# RTOS from scratch

By Hazem Anwer

maxemanwer2000@proton.mein linkedin.com/in/hazem-anwergit github.com/hazemanwer2000

# Contents

| Pr                        | refac             | e                               | 3  |  |
|---------------------------|-------------------|---------------------------------|----|--|
| 1                         | Context Switching |                                 |    |  |
|                           | 1.1               | The PendSV exception            | 4  |  |
|                           | 1.2               | MSP versus PSP                  | 5  |  |
|                           | 1.3               | Special Considerations          | 6  |  |
| 2                         | System Calls      |                                 |    |  |
|                           | 2.1               | Unprivileged mode and SVC calls | 8  |  |
|                           | 2.2               | The SysTick timer               | 10 |  |
| $\mathbf{R}_{\mathbf{c}}$ | efere             | nces                            | 11 |  |

### Preface

This report deep-dives into the implementation of a minimal preemptive RTOS kernel, from scratch. The implementation is based on the ARM Cortex-M4 processor, using a GNU C toolchain, and utilizes all OS-specific features built into the hardware. These include,

- The PendSV exception handler, usually employed for context switching.
- The SVC (i.e, Supervisor Call) assembly instruction, and its associated exception handler.
- The SysTick timer peripheral, and its associated exception handler.
- Support for privileged and unprivileged operation modes.
- Support for two stack pointers, MSP (main) and PSP (process), shadowed behind SP, utilized by the OS and the application, respectively.

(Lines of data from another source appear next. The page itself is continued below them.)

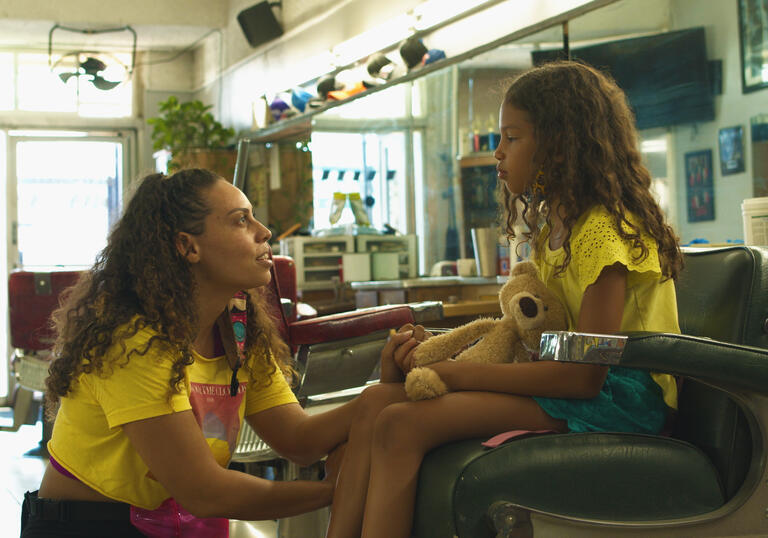 A woman talks to her young daughter, still from I'm Fine (Thanks For Asking)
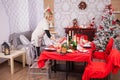 Beautiful young caucasian woman decorating the table for christmas dinner with her family Royalty Free Stock Photo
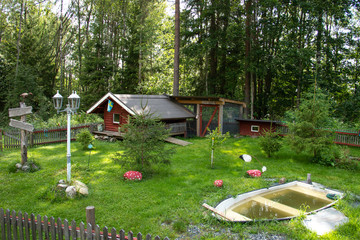 little red wooden cabin in the garden for animals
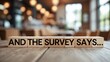 © NFTNexus - Wooden blocks displaying the phrase 'And the Survey Says...'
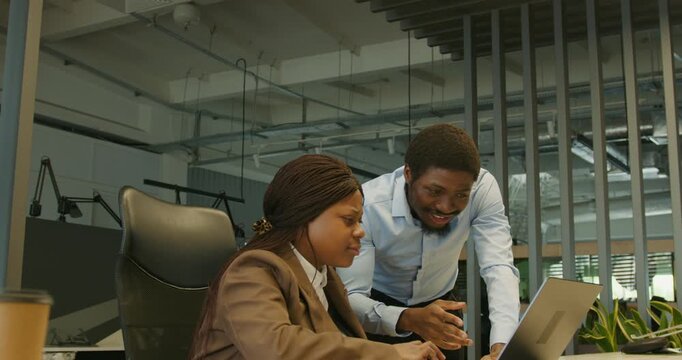 Leaders and team members urgently fixing laptop problem together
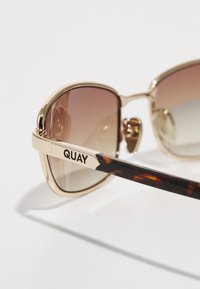 Gafas de sol en tono dorado con lentes marrones de degradado, que cuentan con una patilla con patrón de carey y el logo grabado "QUAY" en la varilla.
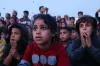 Impromptu film showings in Gaza City provide children with a break from devastation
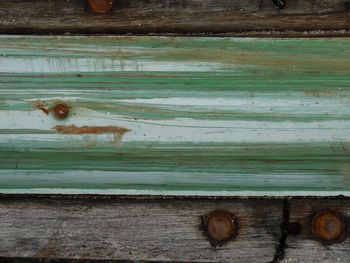 Close-up of rusty wooden plank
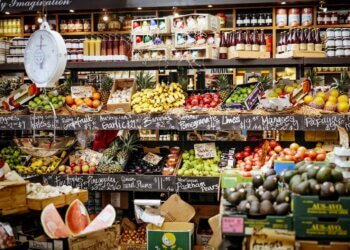 Variety of fruits and vegetables displayed on shelves in a grocery store.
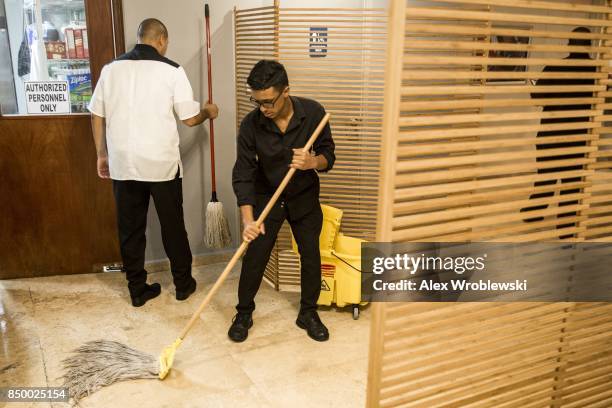 Employees of the Ciqala hotel clean the dining room as Hurricane Maria bears down on Puerto Rico on September 20, 2017 in San Juan. Thousands of...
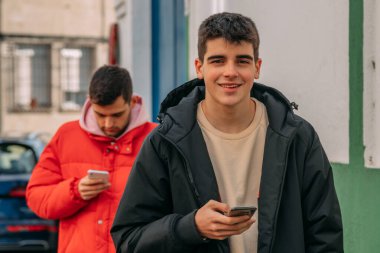 Dışarıda telefonlu öğrenciler.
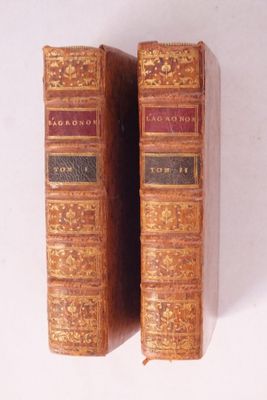 deux vieux livres posés l'un sur l'autre sur une surface blanche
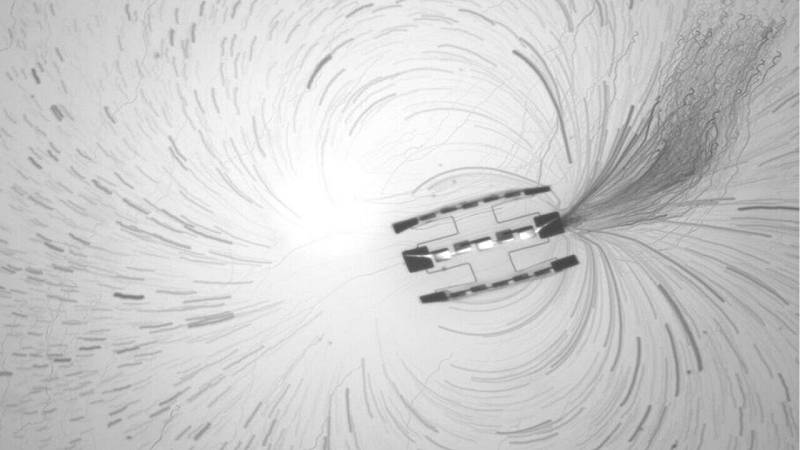 proiezione in time-lapse delle traiettorie delle particelle traccianti vicino a un robot costituito da tre motori collegati tra loro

As prerequisites to this text, familiarty with the ARM architecture and the C programming language is a must, and previous exposure to Real-Time Operating System (RTOS) concepts, from the perspective of a user, is recommended.

Also, check out the author's implementation of a similarly minimalistic pre-emptive RTOS kernel, with support for many OS resources (e.g. mutexes, semaphores and queues).

> https://github.com/hazemanwer2000/BabyRTOS

#### Chapter 1

### Context Switching

This chapter elaborates on how context switching may be implemented, utilizing built-in hardware features such as the PendSV exception, and the PSP stack pointer.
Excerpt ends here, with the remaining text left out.